I couldn’t help but think of Vanna White turning the letters around on the Wheel of Fortune. The man grinned, showing his yellowed-teeth standing outside a small shack with a broken door hopping from side-to-side and assuring me that I didn’t need beer or a free pizza bowl.

My whole life living in Southern California, I rarely came to Hollywood. Sunset Boulevard was more like a gaunt figure in an outdated, oversized designer suit: colorful and small with bold billboards jutting out like rusty railroad spikes half jammed in the ground.
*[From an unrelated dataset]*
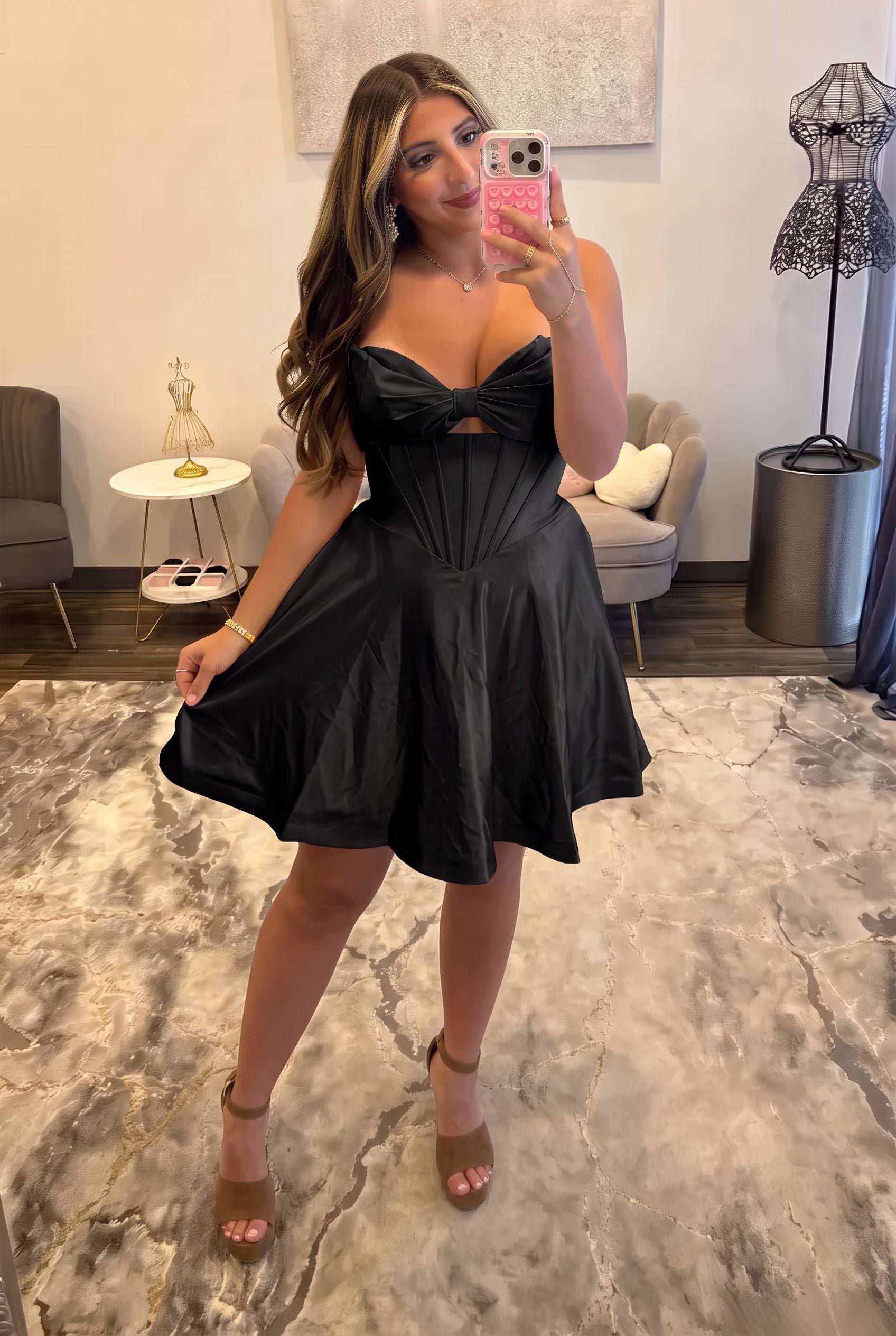 Sweetheart Strapless Bow Cutout Satin Corset A-Line Homecoming Dress Lace-Up Mini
I wondered what other burned out creature with yellowing teeth might want to have their way with me, stick a knife in me, stick a cock in me just because I’m walking around with this hole. I turned on Sunset Boulevard, then made a left on the side street adjacent to the Viper Room where River Phoenix overdosed on a speedball in 1993, an event I remember shedding tears over.

I pulled around the back of the bookstore where Henry’s website instructed to park in a tiny lot, where I found a space. Thank goodness I showed up an hour early.

I walked from the minuscule back parking lot around to the front. The sun was low in the sky and the orange of it saturated the streets. Long, jagged shadows haunted the sidewalk. Outside of the bookstore, magazine racks lined the small entrance of Book Soup. Everything on Sunset Boulevard seemed like a small rabbit hole into a perceived illusion of space, oddly private and strangely decadent. Inside, I was bombarded by towering vertical shelves of books – the opposite of the sprawling big-box bookstores I was used to. There was no room to walk, claustrophobic corners with no place to sit, like a cat in an undersized box.

A tall man with greenish eyelids was sitting behind a cramped counter like a morbid doll stuffed inside a child’s closet. I landed on an oversized art book at the front entrance; the largest book I’d ever seen. It was the size and thickness of the Ten Commandments, or so I speculated. I opened each page and watched it fall like an enormous leaf: a collage of handwritten journals, splattered with color and images cut and clipped in strange juxtapositions. I felt a nagging for a design project, the excitement of creating something new, washing over in smooth overlapping layers. As I was feasting on this wondrous book, just to my right, I see Henry Rollins walk through the door. I continued turning pages as his eyes looked in my direction and scanned the perimeter like a cyborg.

“Hey, Henry,” said the man behind the counter in a familiar tone.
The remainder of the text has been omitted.